But as this newspaper's investigation today reveals, the zoo is still grappling with problems. An inspection report last year found animal enclosures to be inadequate and buildings to be dilapidated. This may well be putting the animals at risk, as an incident last year in which 11 penguins were slaughtered by a fox suggests.
Investment is clearly urgently needed. The London Zoological Society's plans to redevelop the big cats' enclosure and the parrot house must, for this reason, be welcomed. Yet this shocking report should also prompt a public debate on whether zoos themselves are, any longer, appropriate.
Our knowledge of animal welfare has grown enormously since the heyday of the great Victorian menageries, when the urban public would gather to see exotic creatures from the far ends of the earth. We now know how much distress is caused to wild animals when they are confined to small cages or paddocks. Even the most well-appointed zoos with the most attentive keepers end up causing distress to animals such as gorillas, tigers and giraffes. A study in 2008 found that elephants in zoos have significantly shorter lives than their wild brethren. And the RSPCA recently called for a ban on all imports of the animals to British zoos on welfare grounds.

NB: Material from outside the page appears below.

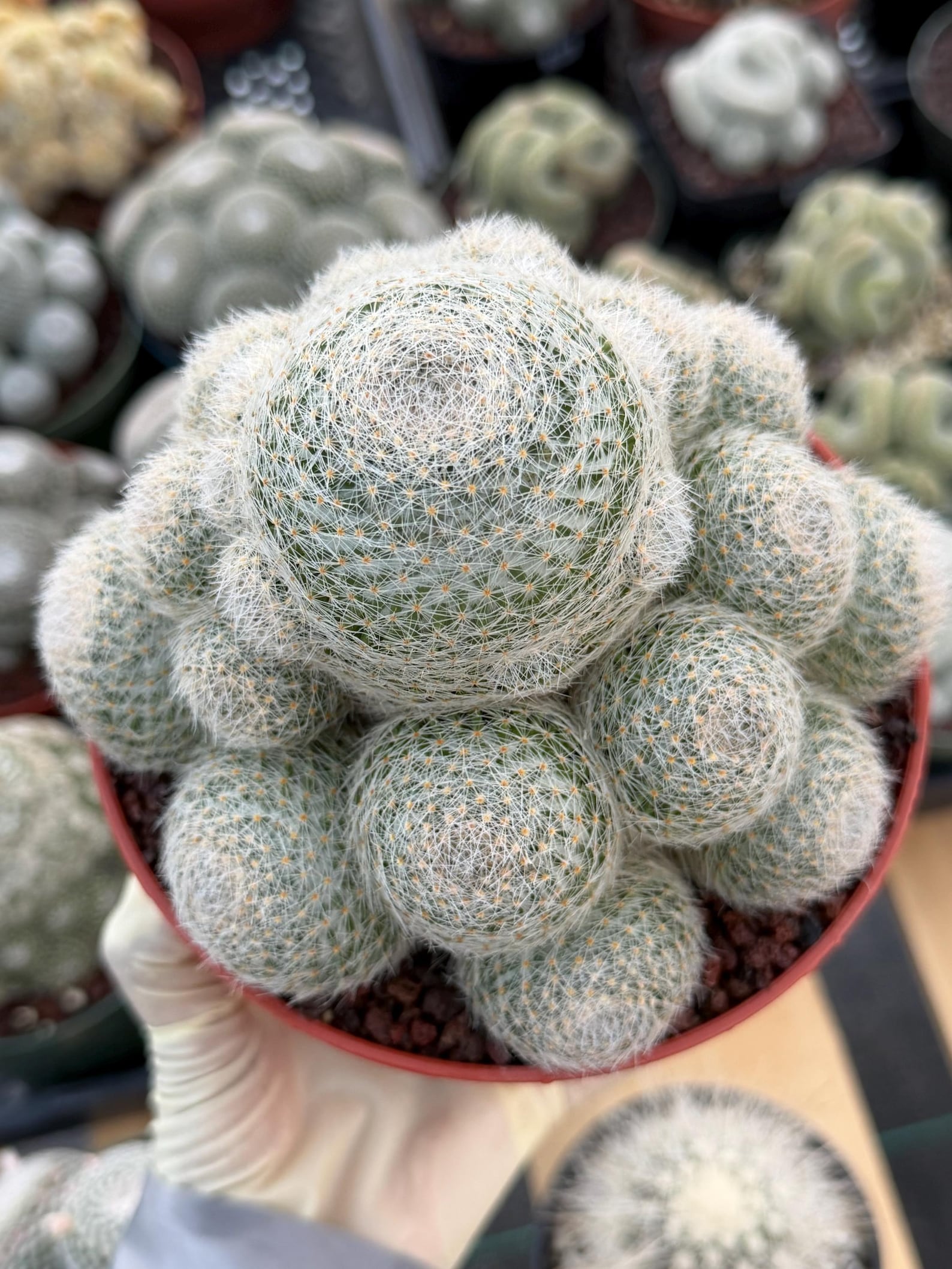 Mammillaria Lenta Golden Spine Cluster Cactus – Rare Live Plant #31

The usual defence of zoos is that they encourage children to develop an interest in the natural world and raise money for conservation. But it is a sad day when the only way to instil a respect for wild animals in young people is to subject some of those very animals to a life of artificial confinement and often misery. And, in any case, there is no evidence that the popularity of zoos is correlated with the preservation of natural habitats around the world. It is surely time to let these relics of a more ignorant age fall into permanent disuse. Zoos are giving zoology a bad name.